● Data under study

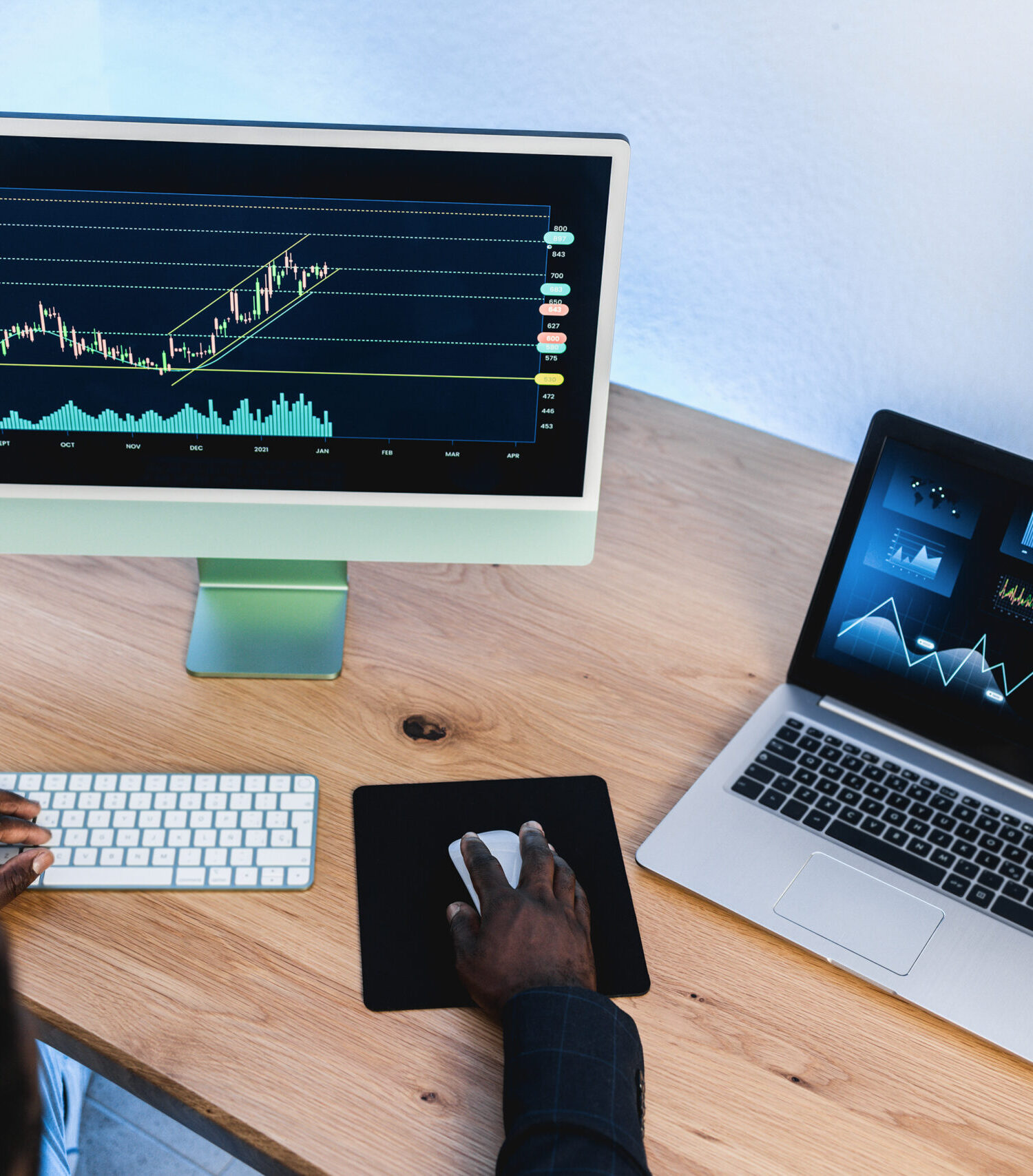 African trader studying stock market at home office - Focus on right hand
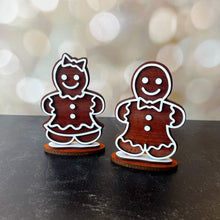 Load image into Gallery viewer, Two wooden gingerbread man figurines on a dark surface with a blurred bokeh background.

* * *

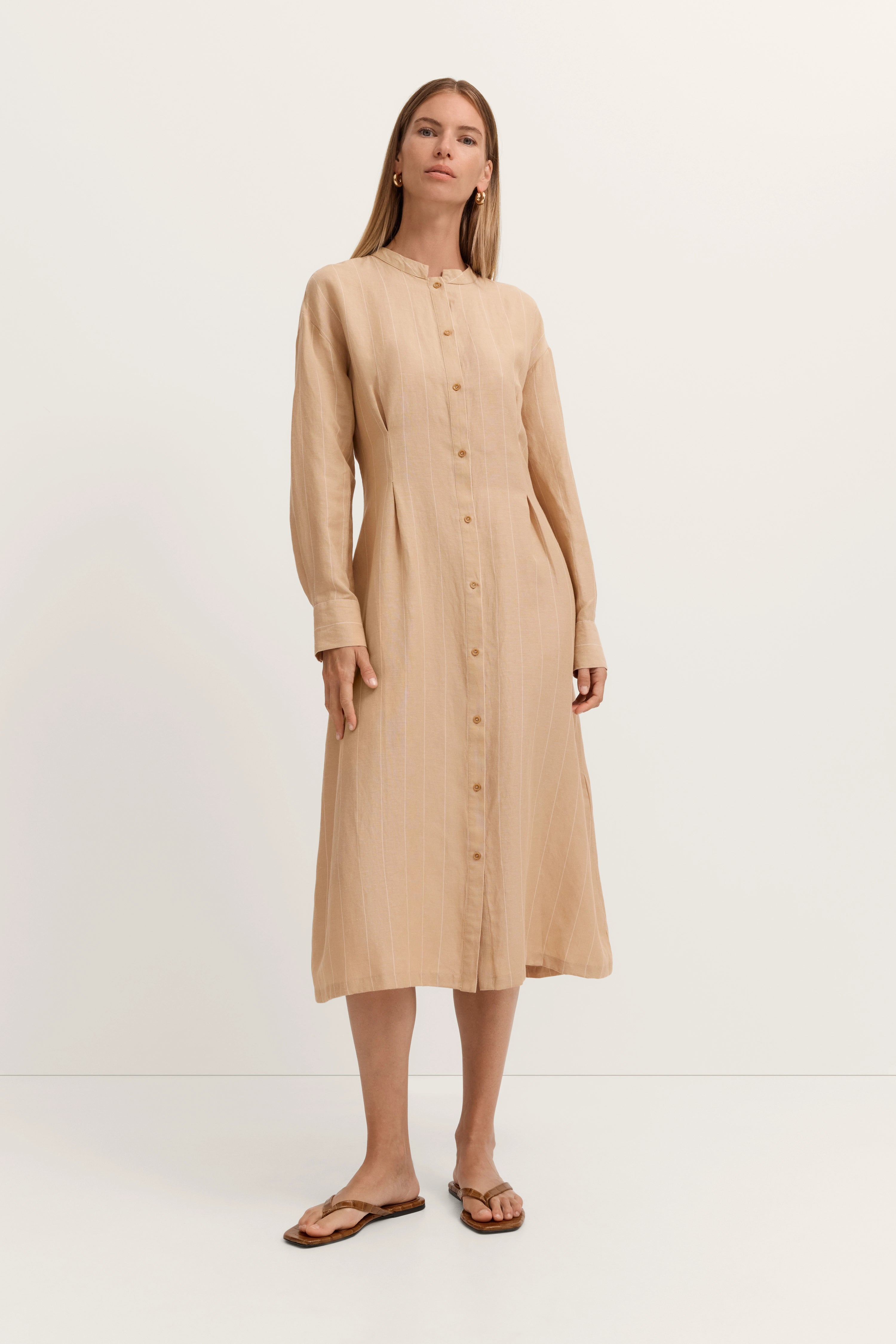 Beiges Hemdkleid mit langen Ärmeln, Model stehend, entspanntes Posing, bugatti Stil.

● Problem to work on
Drop the pictures; return the lines above from the line containing "African trader studying" to the line containing "Load image into", both included, exactly.

● Solution to this problem
 African trader studying stock market at home office - Focus on right hand
 Load image into Gallery viewer, Two wooden gingerbread man figurines on a dark surface with a blurred bokeh background.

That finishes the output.